-------- Material shown --------

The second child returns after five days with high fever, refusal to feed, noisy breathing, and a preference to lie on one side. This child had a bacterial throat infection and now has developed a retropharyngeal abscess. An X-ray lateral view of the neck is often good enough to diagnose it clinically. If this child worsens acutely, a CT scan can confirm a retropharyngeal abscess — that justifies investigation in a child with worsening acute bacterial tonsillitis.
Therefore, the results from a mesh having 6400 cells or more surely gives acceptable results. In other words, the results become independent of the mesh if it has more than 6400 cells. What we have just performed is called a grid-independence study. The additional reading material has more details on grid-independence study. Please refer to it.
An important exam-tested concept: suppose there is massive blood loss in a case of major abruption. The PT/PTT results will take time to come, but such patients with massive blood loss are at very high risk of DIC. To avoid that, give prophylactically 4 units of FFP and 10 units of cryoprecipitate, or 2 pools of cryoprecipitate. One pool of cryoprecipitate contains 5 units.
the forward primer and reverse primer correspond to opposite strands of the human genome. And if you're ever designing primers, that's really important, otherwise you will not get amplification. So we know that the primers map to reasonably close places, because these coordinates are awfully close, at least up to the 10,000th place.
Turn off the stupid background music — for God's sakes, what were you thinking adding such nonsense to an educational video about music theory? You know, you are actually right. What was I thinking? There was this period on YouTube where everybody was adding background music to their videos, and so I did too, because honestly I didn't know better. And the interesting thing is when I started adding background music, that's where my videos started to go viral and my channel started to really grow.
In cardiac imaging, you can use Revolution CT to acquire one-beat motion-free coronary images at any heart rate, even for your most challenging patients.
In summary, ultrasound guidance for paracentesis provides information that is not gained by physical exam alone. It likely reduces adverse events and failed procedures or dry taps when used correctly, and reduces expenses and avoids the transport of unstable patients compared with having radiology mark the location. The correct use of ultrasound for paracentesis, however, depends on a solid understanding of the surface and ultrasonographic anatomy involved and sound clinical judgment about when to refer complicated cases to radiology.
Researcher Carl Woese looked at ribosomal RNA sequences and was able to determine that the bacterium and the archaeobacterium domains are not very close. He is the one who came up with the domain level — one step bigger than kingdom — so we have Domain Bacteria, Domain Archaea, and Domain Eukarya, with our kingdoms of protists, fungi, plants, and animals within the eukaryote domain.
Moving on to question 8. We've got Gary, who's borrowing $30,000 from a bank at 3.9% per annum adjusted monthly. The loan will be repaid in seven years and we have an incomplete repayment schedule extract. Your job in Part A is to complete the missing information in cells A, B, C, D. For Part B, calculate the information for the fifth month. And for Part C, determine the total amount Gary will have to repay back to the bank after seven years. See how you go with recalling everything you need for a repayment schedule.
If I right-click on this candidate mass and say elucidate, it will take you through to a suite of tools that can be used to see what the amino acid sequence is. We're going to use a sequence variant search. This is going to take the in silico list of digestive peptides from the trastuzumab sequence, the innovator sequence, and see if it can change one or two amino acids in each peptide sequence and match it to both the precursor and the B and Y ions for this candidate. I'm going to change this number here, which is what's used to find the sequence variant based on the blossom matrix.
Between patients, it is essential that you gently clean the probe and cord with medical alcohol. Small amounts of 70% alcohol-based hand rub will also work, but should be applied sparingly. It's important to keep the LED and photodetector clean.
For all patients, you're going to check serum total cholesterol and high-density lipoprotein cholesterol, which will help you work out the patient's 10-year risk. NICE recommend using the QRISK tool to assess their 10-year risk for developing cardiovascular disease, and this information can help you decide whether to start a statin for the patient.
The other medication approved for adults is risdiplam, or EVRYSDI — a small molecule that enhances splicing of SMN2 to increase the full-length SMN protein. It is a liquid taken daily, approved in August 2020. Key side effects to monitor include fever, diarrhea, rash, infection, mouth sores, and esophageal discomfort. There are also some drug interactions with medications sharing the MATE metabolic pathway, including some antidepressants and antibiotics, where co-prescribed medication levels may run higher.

--------

Look above for the line containing "In cardiac imaging, you". Output from there through the line containing "Researcher Carl Woese", exactly and inclusively.

Problem solution:
In cardiac imaging, you can use Revolution CT to acquire one-beat motion-free coronary images at any heart rate, even for your most challenging patients.
In summary, ultrasound guidance for paracentesis provides information that is not gained by physical exam alone. It likely reduces adverse events and failed procedures or dry taps when used correctly, and reduces expenses and avoids the transport of unstable patients compared with having radiology mark the location. The correct use of ultrasound for paracentesis, however, depends on a solid understanding of the surface and ultrasonographic anatomy involved and sound clinical judgment about when to refer complicated cases to radiology.
Researcher Carl Woese looked at ribosomal RNA sequences and was able to determine that the bacterium and the archaeobacterium domains are not very close. He is the one who came up with the domain level — one step bigger than kingdom — so we have Domain Bacteria, Domain Archaea, and Domain Eukarya, with our kingdoms of protists, fungi, plants, and animals within the eukaryote domain.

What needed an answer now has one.